* [What to produce]: Exactly the lines from the one containing "Gorgeous cream cashmere sweater" through the one containing "11, 12:37 am" in the listing below are to be copied, with the pictures left out.

* [Dataset]:
________________________________________
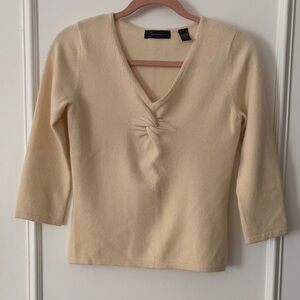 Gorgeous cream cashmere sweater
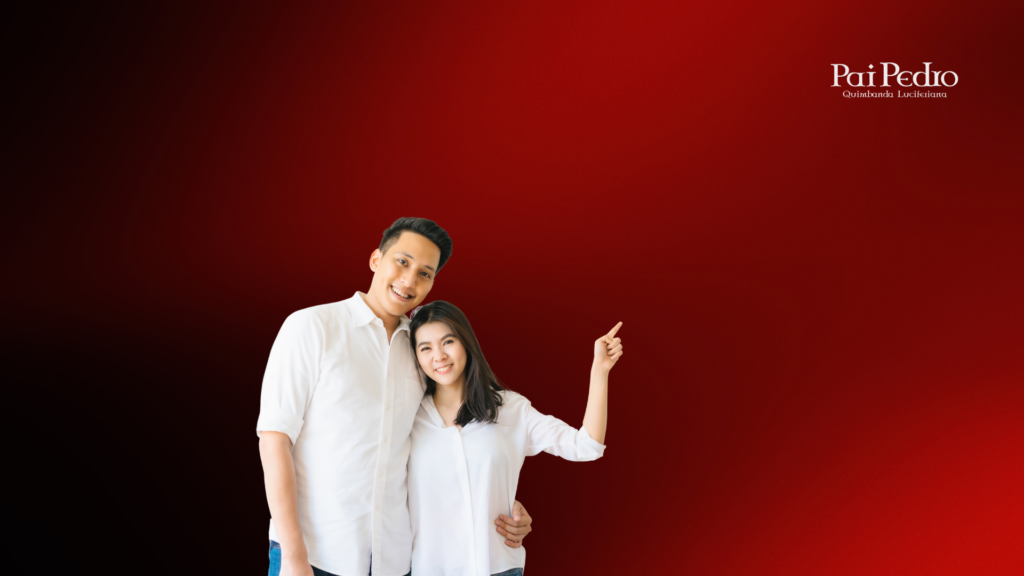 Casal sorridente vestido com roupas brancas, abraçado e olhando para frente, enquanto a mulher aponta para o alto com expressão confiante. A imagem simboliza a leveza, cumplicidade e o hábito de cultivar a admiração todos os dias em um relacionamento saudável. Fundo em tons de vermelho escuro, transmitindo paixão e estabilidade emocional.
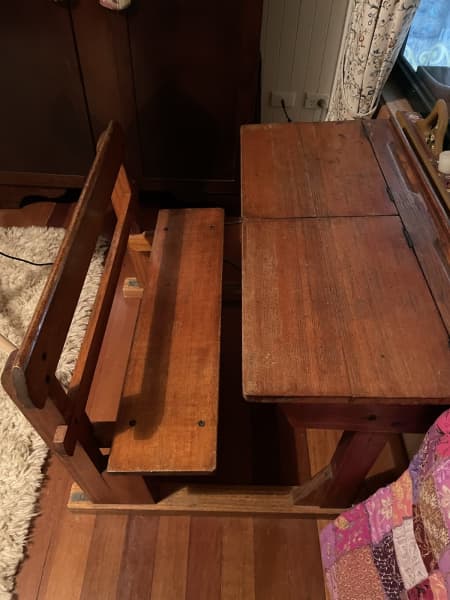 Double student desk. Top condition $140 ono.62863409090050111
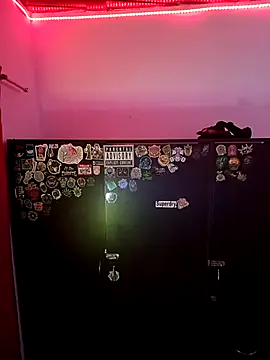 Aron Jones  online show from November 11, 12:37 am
________________________________________
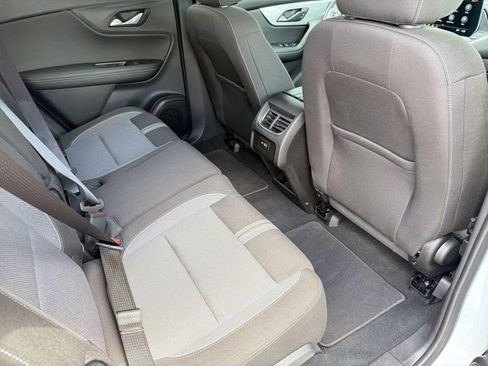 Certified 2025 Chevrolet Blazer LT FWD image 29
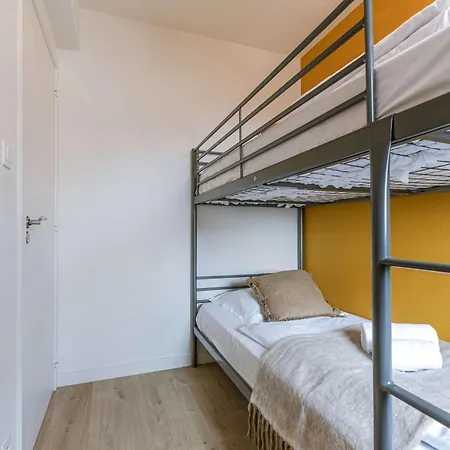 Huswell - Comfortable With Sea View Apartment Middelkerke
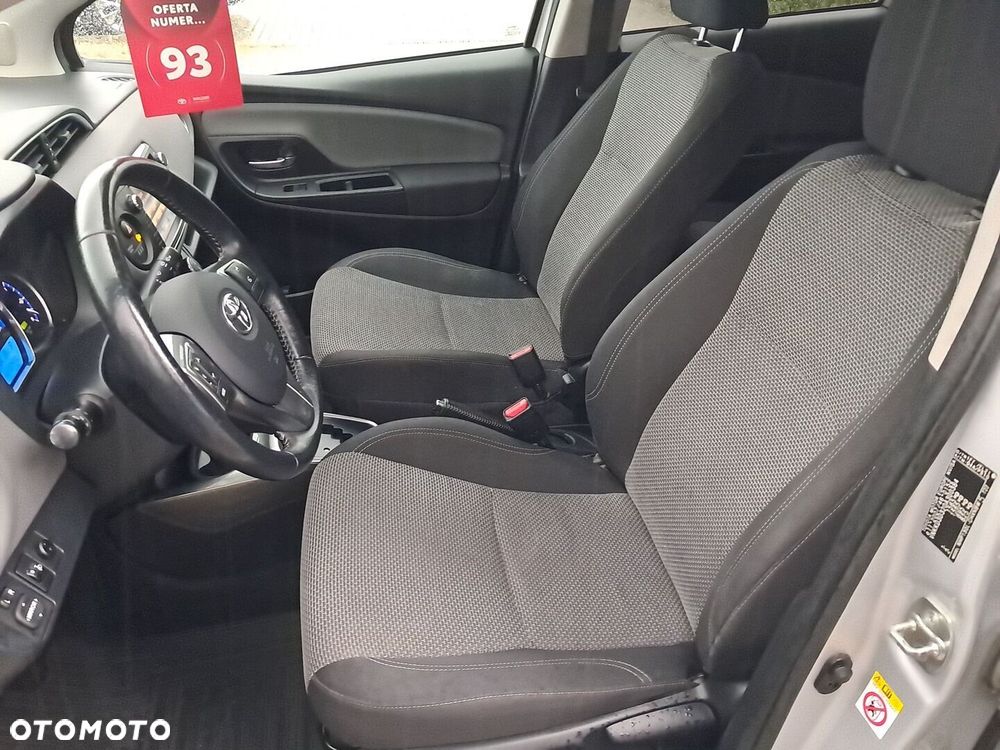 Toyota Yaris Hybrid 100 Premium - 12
________________________________________
* [Exercise output]:
 Gorgeous cream cashmere sweater
 Casal sorridente vestido com roupas brancas, abraçado e olhando para frente, enquanto a mulher aponta para o alto com expressão confiante. A imagem simboliza a leveza, cumplicidade e o hábito de cultivar a admiração todos os dias em um relacionamento saudável. Fundo em tons de vermelho escuro, transmitindo paixão e estabilidade emocional.
 Double student desk. Top condition $140 ono.62863409090050111
 Aron Jones  online show from November 11, 12:37 am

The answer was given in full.